THC is the intoxicant most commonly detected in US drivers, with approximately 13% of drivers testing positive for marijuana use, compared to the 8% that show a measurable amount of alcohol (NHTSA, 2015). (The two figures are not strictly comparable because cannabis remains detectable for much longer than alcohol, and also for long after the driver is no longer impaired; therefore, the difference in rates does not show that stoned driving is more common than drunk driving.) Cannabis intoxication has been shown to impair reaction time and visual-spatial judgment.
Many states, including those where cannabis sales are now permitted by state law, have laws against cannabis-impaired driving based on the drunk-driving model, defining criminally intoxicated driving as driving with more than a threshold amount of intoxicant in one’s bloodstream—a per se standard—as opposed to actual impairment.
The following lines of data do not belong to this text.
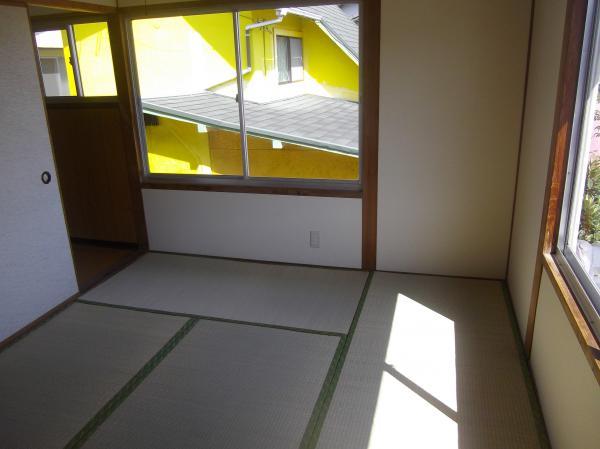 Non-living room. Tatami mat sort already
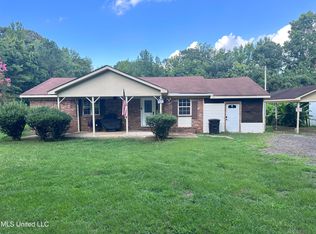 1981 Poagville Rd, Coldwater, MS 38618
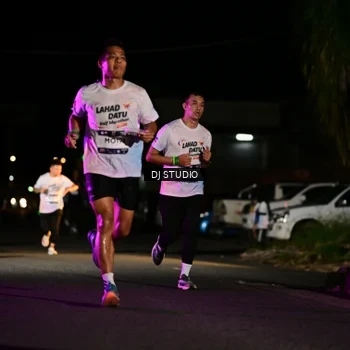 Runner Photo 7890430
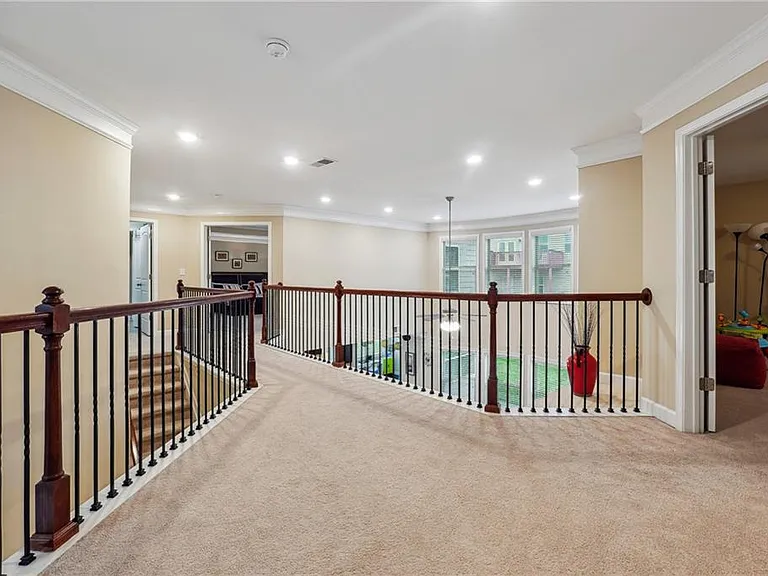 4305 Holton Ave — Photo 29
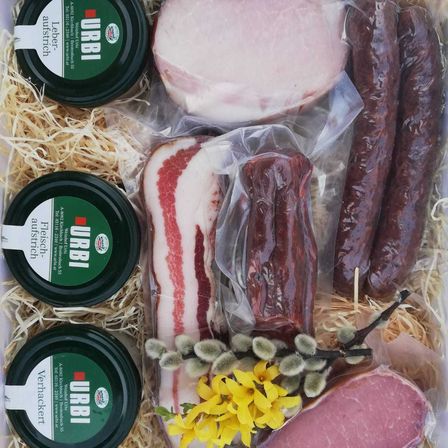 Bild enthält, Food, Meat, Mutton, Pork, Tape, Ice Hockey Puck, Sport, Smoke Pipe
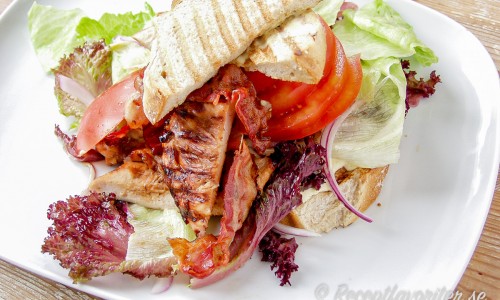 Club sandwich med grillad kyckling och bacon. 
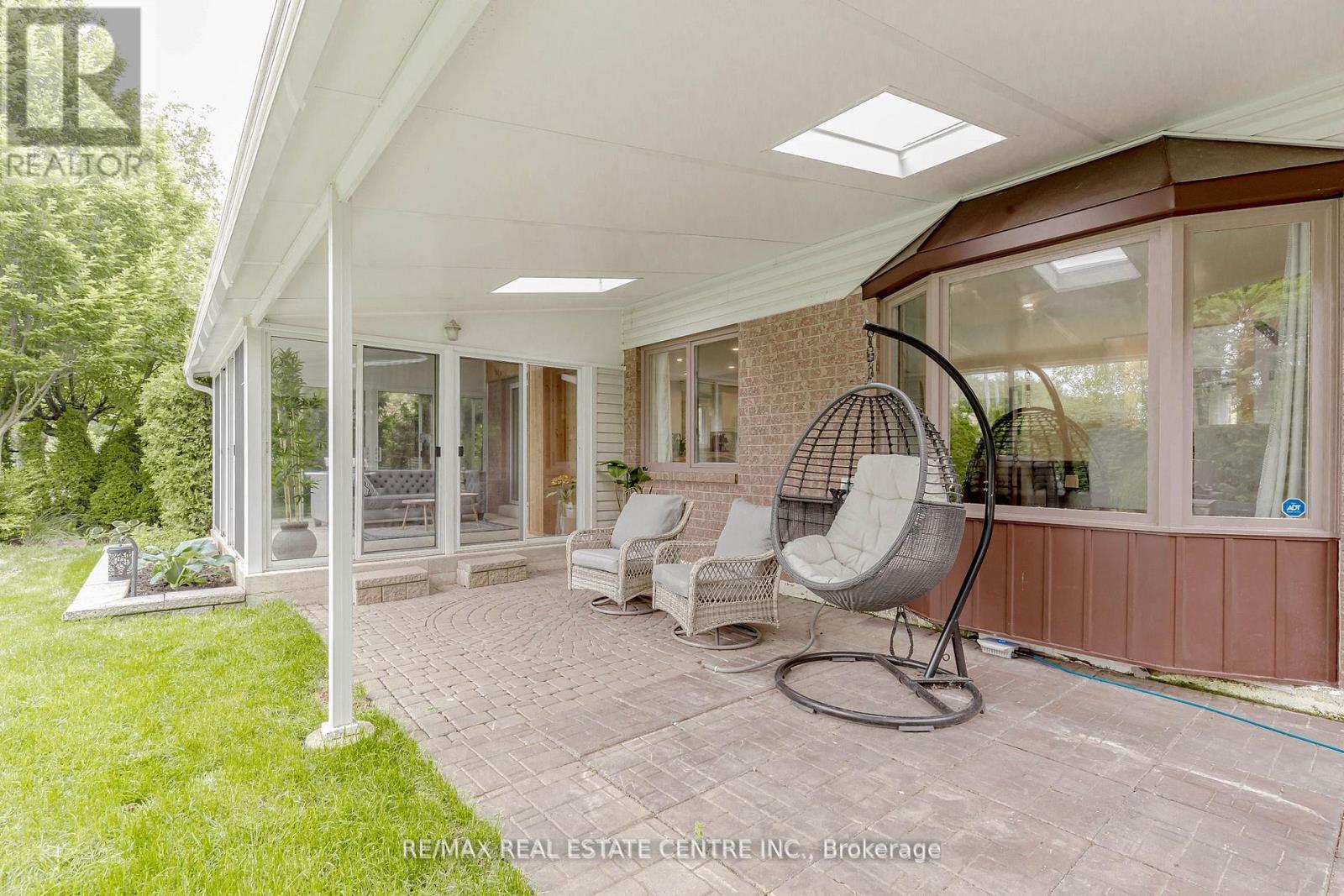 33 Strathroy Crescent, Hamilton, Ontario  L8B 0K9 - Photo 48 - X12928120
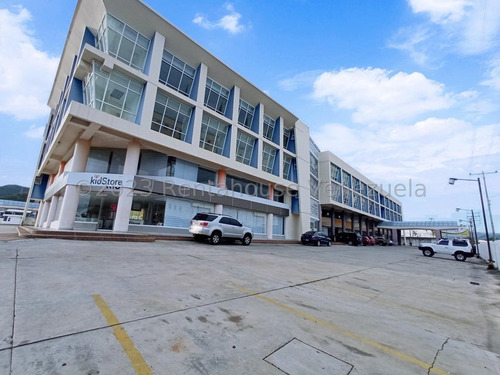 Local Comercial En Venta, Ubicacion Estrategica, Rápido Y Fácil Acceso, Situado En Moderno Complejo Comercial Industrial Totalmente Cercado, Amplia Distribución, Vista Panorámica, 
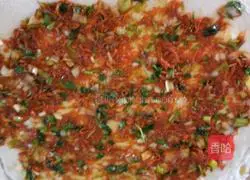 Illustration of how to make hot noodle hand cakes 11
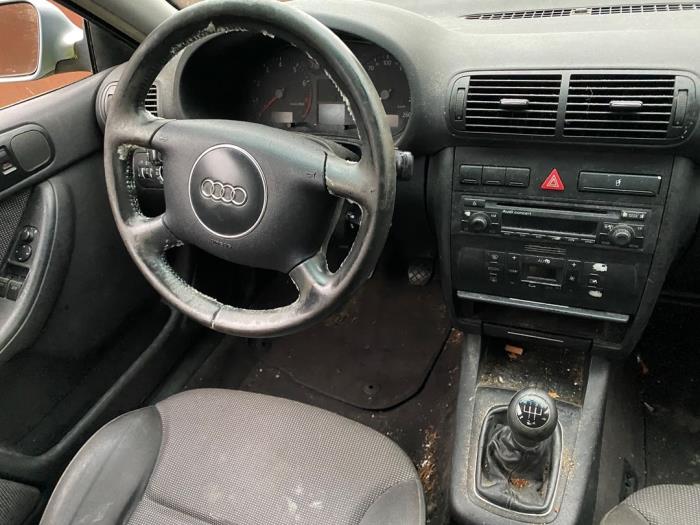 Audi A3 1.6 Sloopvoertuig (2002, Blauw)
That approach neglects crucial differences between alcohol and cannabis in their detectability, their pharmacokinetics, and their impact on highway safety.
Cannabis intoxication is more difficult to reliably detect chemically than alcohol intoxication. A breath alcohol test is (1) cheap and reliable; (2) sufficiently simple and non-invasive to administer at the roadside; and (3) a good proxy for alcohol in the brain, which in turn is (4) a good proxy for subjective intoxication and for measurable driving impairment. In addition, (5) the dose-effect curve linking blood alcohol to fatality risk is well-established and steep.
None of those things is true for cannabis. A breath test remains to be developed. Oral-fluid testing can demonstrate recent use but not the level of impairment. A blood test requires a trained phlebotomist and therefore a trip to a medical facility, and blood THC levels drop very sharply over time-periods measured in minutes. Blood THC is not a good proxy either for recency of use or for impairment, and the dose-effect curve for fatality risk remains a matter of sharp controversy. The maximum risk for cannabis intoxication alone, unmixed with alcohol or other drugs, appears to be more comparable to risks such as talking on a hands-free cellphone (legal in all states) than to driving with a BAC above 0.08, let alone the rapidly-rising risks at higher BACs. Moreover, the lipid-solubility of THC means that a frequent cannabis user will always have measurable THC in his or her blood, even when that person has not used recently and is neither subjectively intoxicated nor objectively impaired. That suggests criminalizing only combination use, while treating driving under the influence of cannabis (however this is to be proven) as a traffic offense, like speeding.